What is startling in international perspective is how weak this class-to-party relationship is in the United States. In virtually every other democracy in the world, class membership is more closely aligned with party vote than in the United States. One 1970–71 study compared seven European countries with the United States (see Inglehart, 1977:199). Britain had the largest class cleavage: the British working class was 34 percent more likely to vote Labour than was the British middle class. Other international studies (e.g., Lipset, 1981:21) report Swedish voting to be even more class divided than British. In the remaining European countries (see Table 1.2), the class difference varies between 13 percent (West Germany) and 21 percent (Switzerland). But again, the United States has the smallest difference, only 8 percent—about half that of the other democracies. Of course, the 1972 comparison may be unfair, since class voting was particularly obscured in the McGovern-Nixon confrontation. But other studies using different time frames (e.g., Alford, 1967; Lipset, 1981) report similar conclusions: American political parties simply do not draw on class-based support to anything like the same extent as parties elsewhere around the globe.13
TABLE 1.2. Class support (voting) for Left parties in eight democracies
SOURCE: Inglehart (1977:205); Stephens (1981).
NOTE: Occupation is head of household. Left parties are defined as in Inglehart.
Again, however, we must warn the reader that these frequently cited data are in fact more complicated than most interpreters have realized. Most cross-national studies omit the voting category that is, in the United States, most distinctively working class: the nonvoting category. The thing American workers are most likely to do on election day is stay home. And no wonder, given that the output of the political system provides them with so little to excite their class loyalty. Nonvoting is not the usual working-class option in elections elsewhere. As Walter Dean Burnham (1974) has pointed out so well, precisely that type of voter who in Europe votes for socialist and Social Democratic parties, is the one who, in the United States, doesn’t vote at all. As we elaborate in Chapter 7, it is party structure, not the voters’ psychology, that explains America’s distinctive voting patterns. The lack of a genuine Left alternative fosters both the high rates of nonvoting and the low relationship between class and party.
The size of the working class
Postindustrial theorists have long engaged in a statistical shell game that shuffles workers according to varying classification schemes to support the claim of a decline in the American working class. One such scheme, for example, banishes janitors and waitresses to nonworking (middle-class?) status (Galbraith, 1967:276; Naisbitt, 1982:2). Andrew Levison’s (1974) Working-Class Majority exposed many of these efforts a decade ago (see also Blumberg, 1980).
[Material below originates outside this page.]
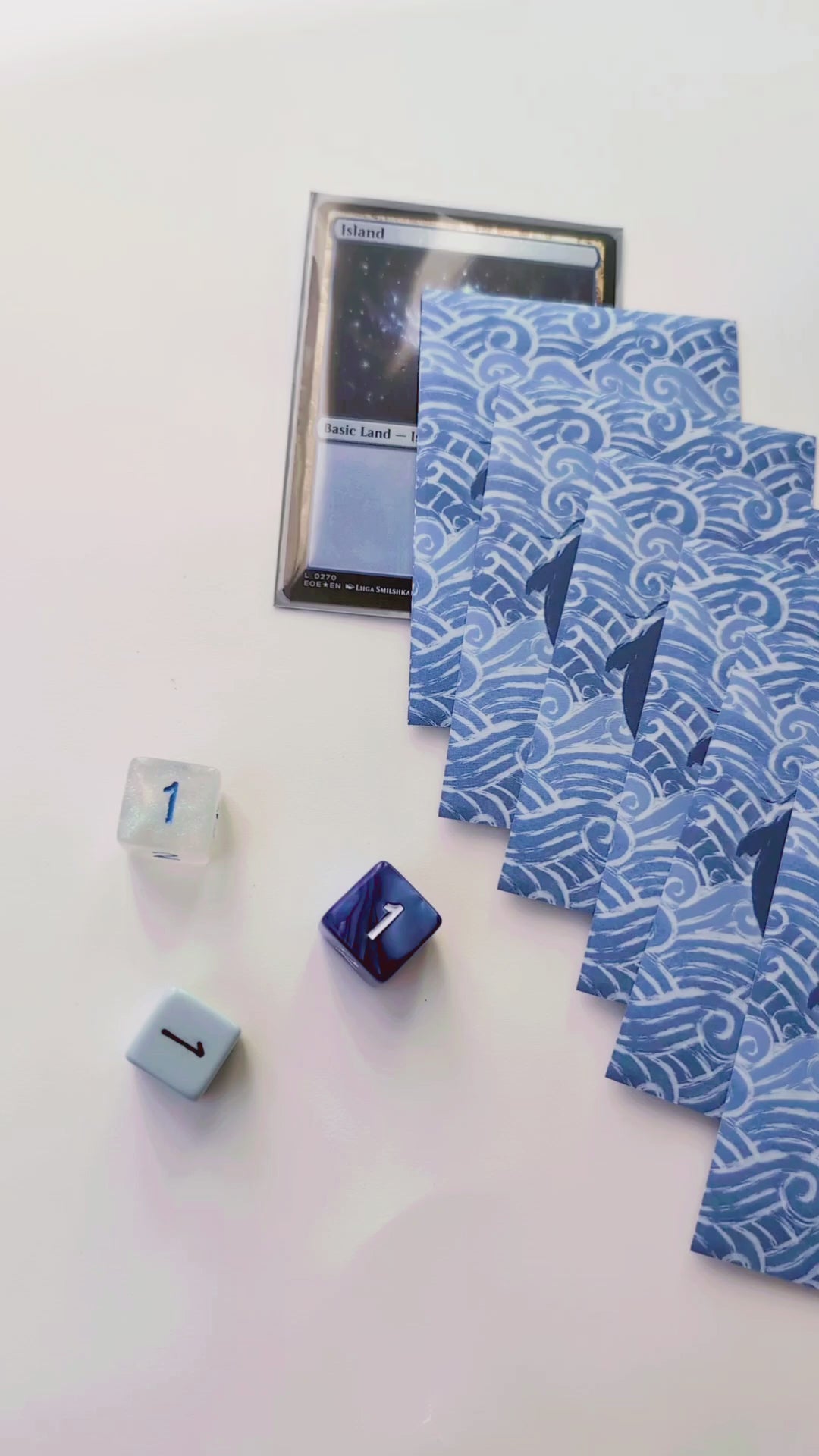 Blue Water Tribe Card Sleeves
Our own classification, which we defend in Chapter 4, limits the middle class to the self-employed (that is, the “old” middle class of storekeepers and independent farmers) and professionals and managers (the “new” middle class whose members share the responsibilities of managing the lives of other workers). Additional workers who have sometimes been counted as middle class (e.g., white-collar clerical workers, technicians, salespersons, and even the more affluent craftsworkers) do not attain the control over other workers or even over their own lives that sets the middle class apart from Marx’s proletariat.14
In this accounting scheme the working class has not shrunk at all; it has, in fact, expanded during much of this century. Our estimate of the working class in 1980 totals almost 70,000,000 workers; in 1900 it was only 18,000,000 strong. Relative size has grown, as well: the 1980 working class was 70 percent of all working Americans; in 1900 it was only 61 percent (see Figure 1.2).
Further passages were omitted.